→ EXERCISE MATERIAL
----------------------------------------

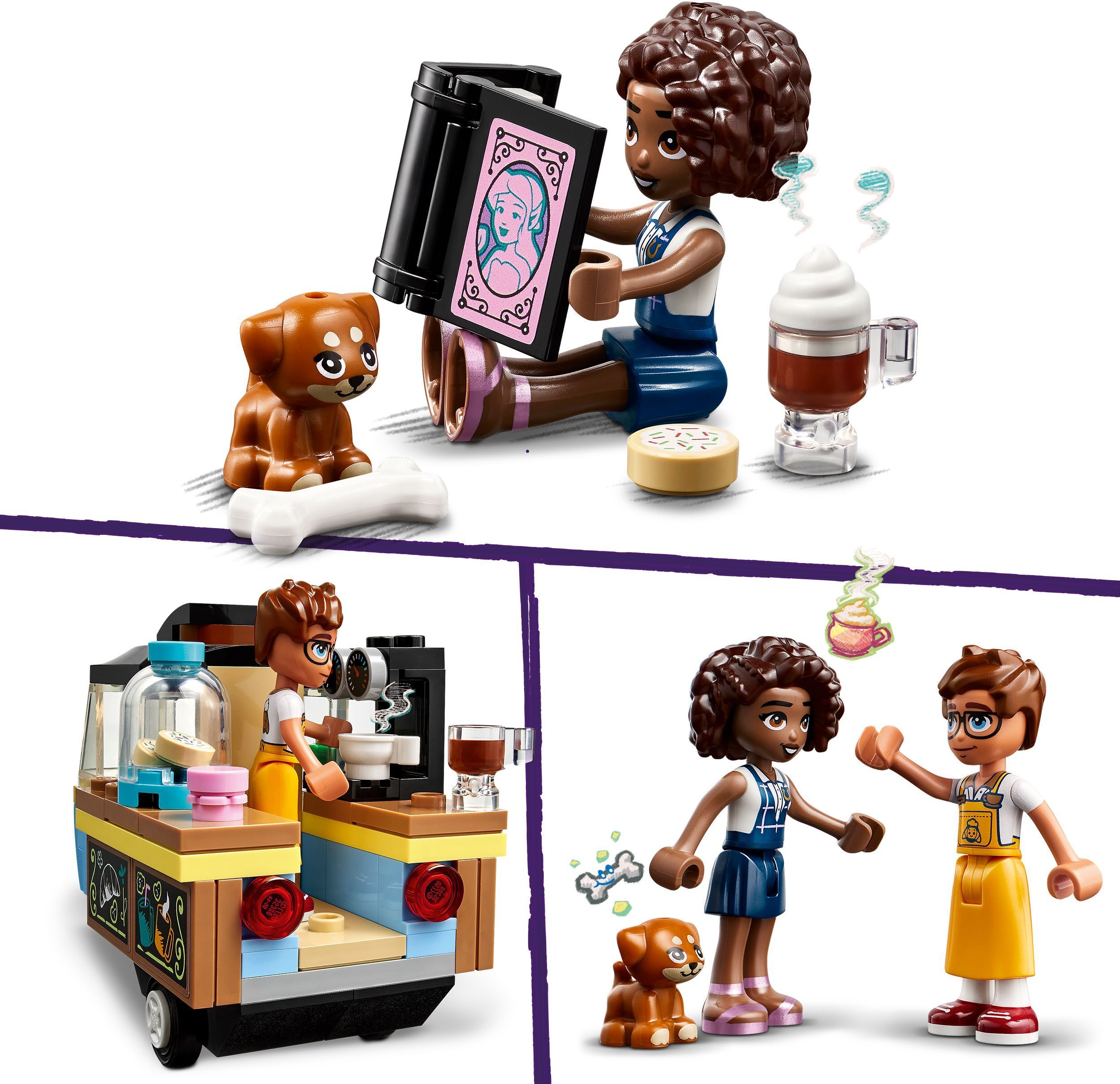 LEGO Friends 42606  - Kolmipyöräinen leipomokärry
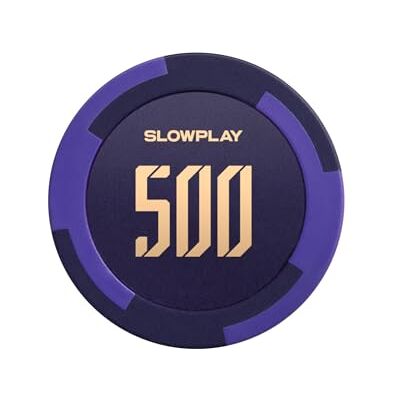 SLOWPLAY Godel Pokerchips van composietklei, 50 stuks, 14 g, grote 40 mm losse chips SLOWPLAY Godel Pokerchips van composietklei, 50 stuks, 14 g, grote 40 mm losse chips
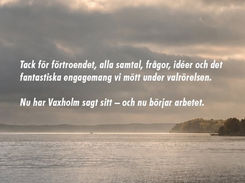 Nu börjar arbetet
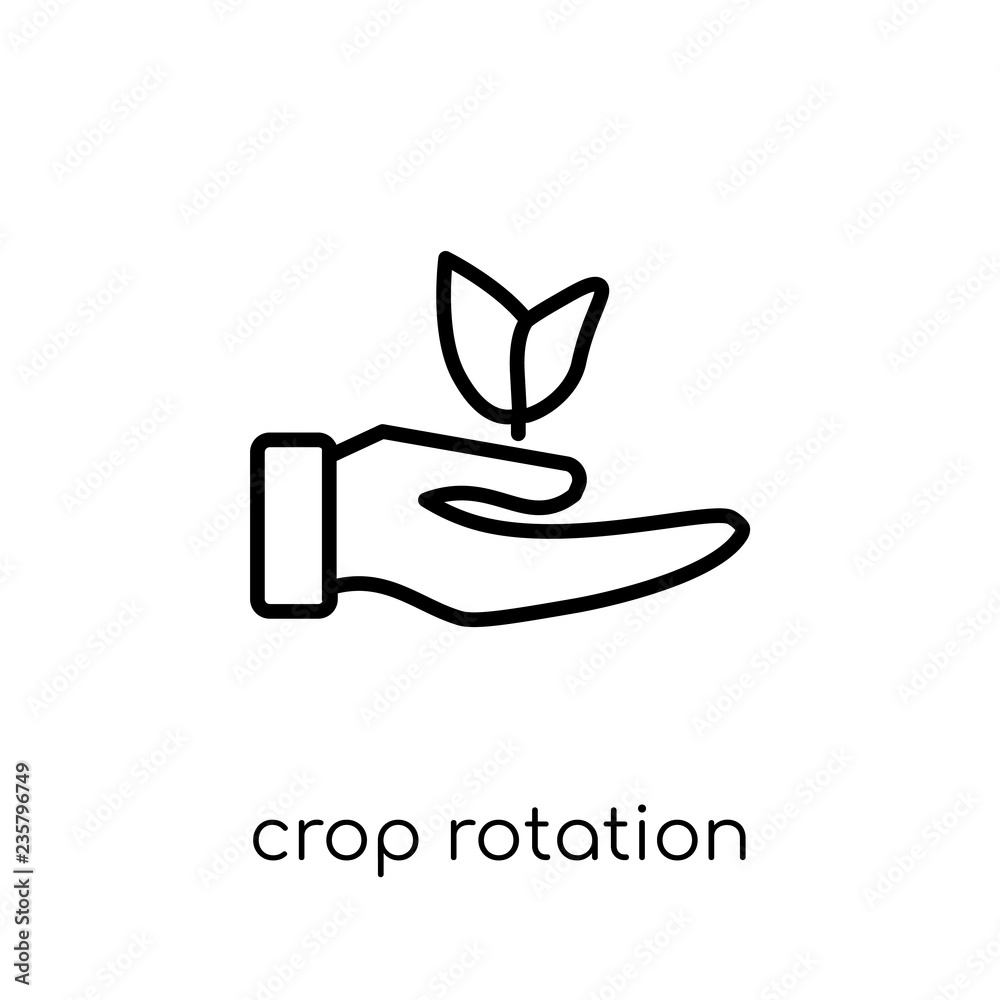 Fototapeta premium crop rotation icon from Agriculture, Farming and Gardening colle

----------------------------------------

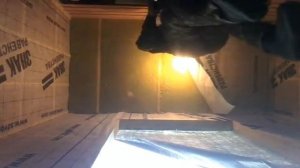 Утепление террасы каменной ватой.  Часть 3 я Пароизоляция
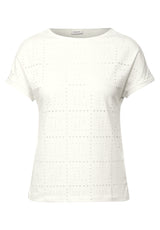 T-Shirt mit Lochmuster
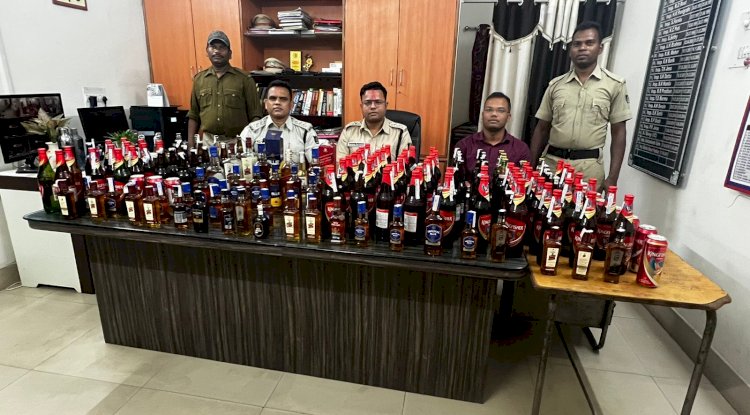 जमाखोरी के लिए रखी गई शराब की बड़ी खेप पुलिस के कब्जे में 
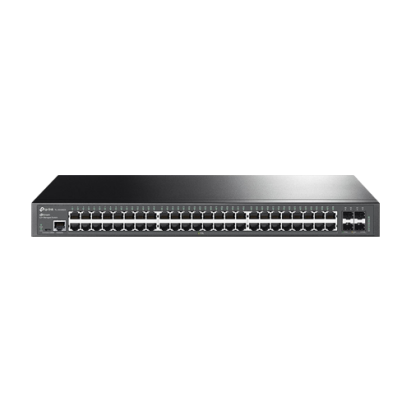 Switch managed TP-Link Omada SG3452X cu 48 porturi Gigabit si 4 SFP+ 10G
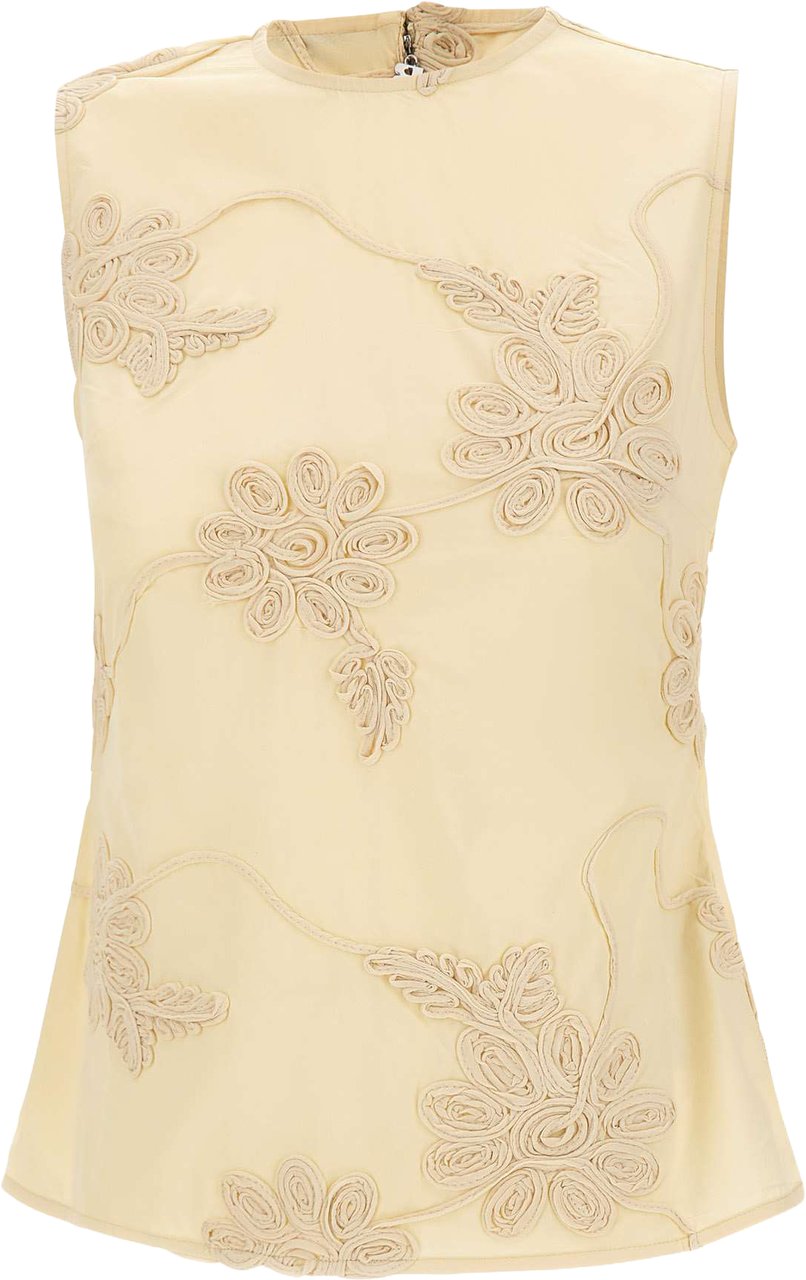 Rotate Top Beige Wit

----------------------------------------

→ WHAT YOU ARE ASKED TO DO
Return exactly the stretch above whose first line contains "जमाखोरी के लिए" and whose last line contains "Rotate Top Beige Wit", and nothing outside it. The pictures should not appear.

→ EXERCISE RESULT
 जमाखोरी के लिए रखी गई शराब की बड़ी खेप पुलिस के कब्जे में 
 Switch managed TP-Link Omada SG3452X cu 48 porturi Gigabit si 4 SFP+ 10G
 Rotate Top Beige Wit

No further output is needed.